Although the records contain pictures, repeat only the text of every line exactly.

**** MATERIAL PROVIDED

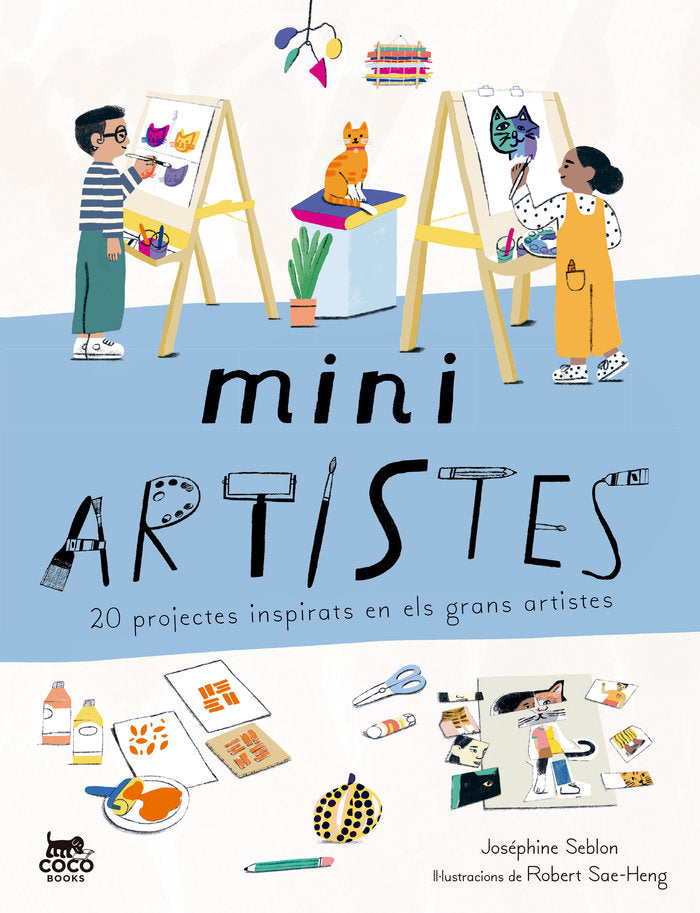miniARTISTES, de SEBLON, JOSEPHINE | portada del libro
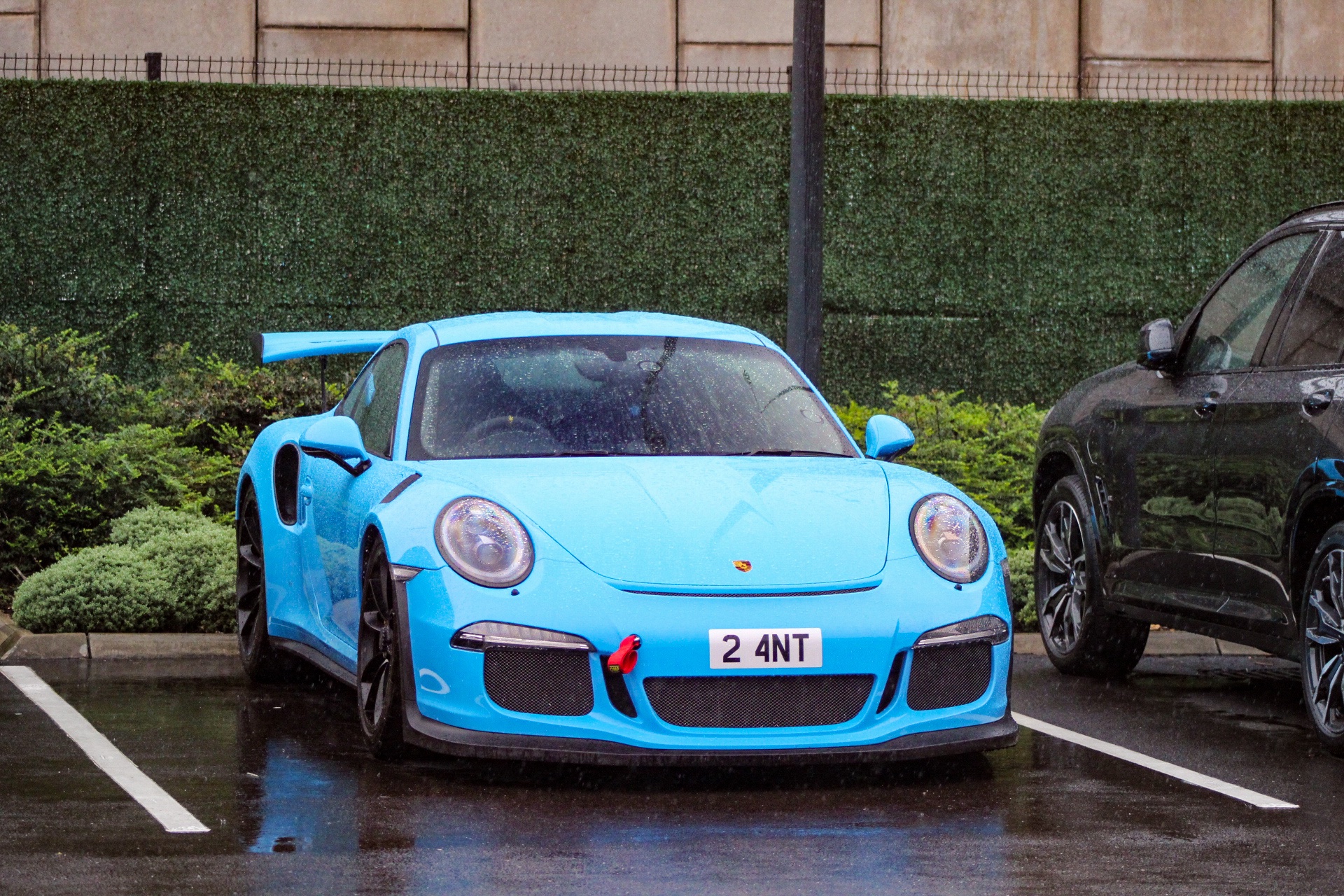 24 NT spotted on Porsche 911 GT3 RS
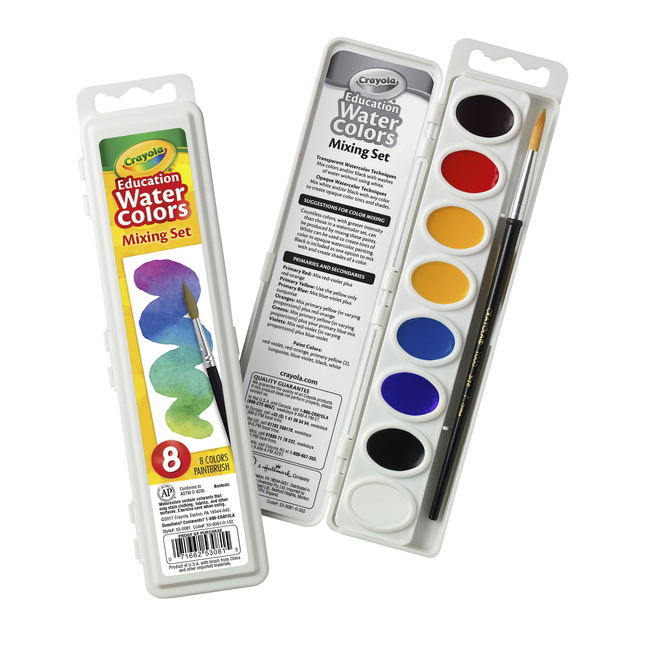 White Canvas for Painting, Set of 2, Crayola.com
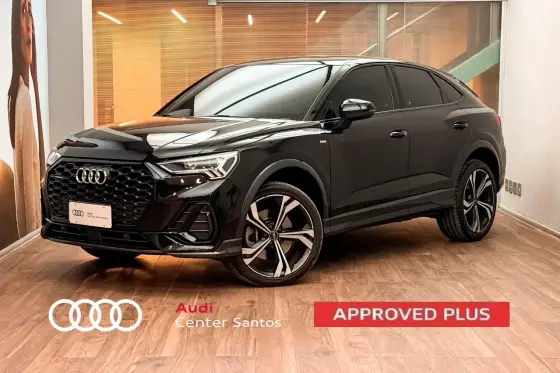 AUDI Q3 2.0 40 TFSI GASOLINA SPORTBACK PERFORMANCE BLACK QUATTRO TIPTRONIC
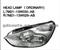 For FORD S-MAX Auto Parts HEAD LAMP OEM:7M21-13W030-AB/R 7M21-13W029-AB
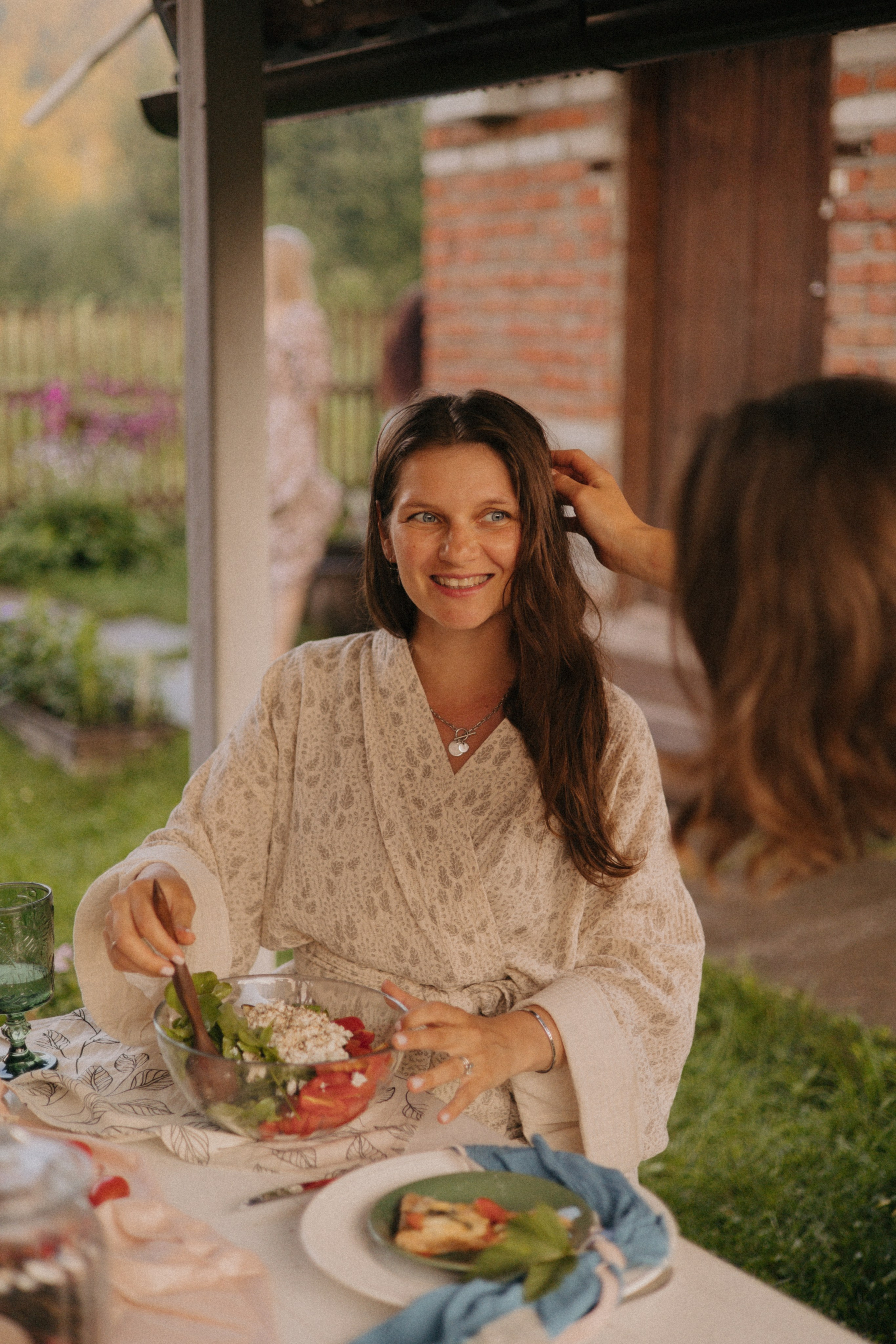 Подруги. Дача. Фотограф Настя Леонова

********

ANSWER =
miniARTISTES, de SEBLON, JOSEPHINE | portada del libro
 24 NT spotted on Porsche 911 GT3 RS
 White Canvas for Painting, Set of 2, Crayola.com
 AUDI Q3 2.0 40 TFSI GASOLINA SPORTBACK PERFORMANCE BLACK QUATTRO TIPTRONIC
 For FORD S-MAX Auto Parts HEAD LAMP OEM:7M21-13W030-AB/R 7M21-13W029-AB
 Подруги. Дача. Фотограф Настя Леонова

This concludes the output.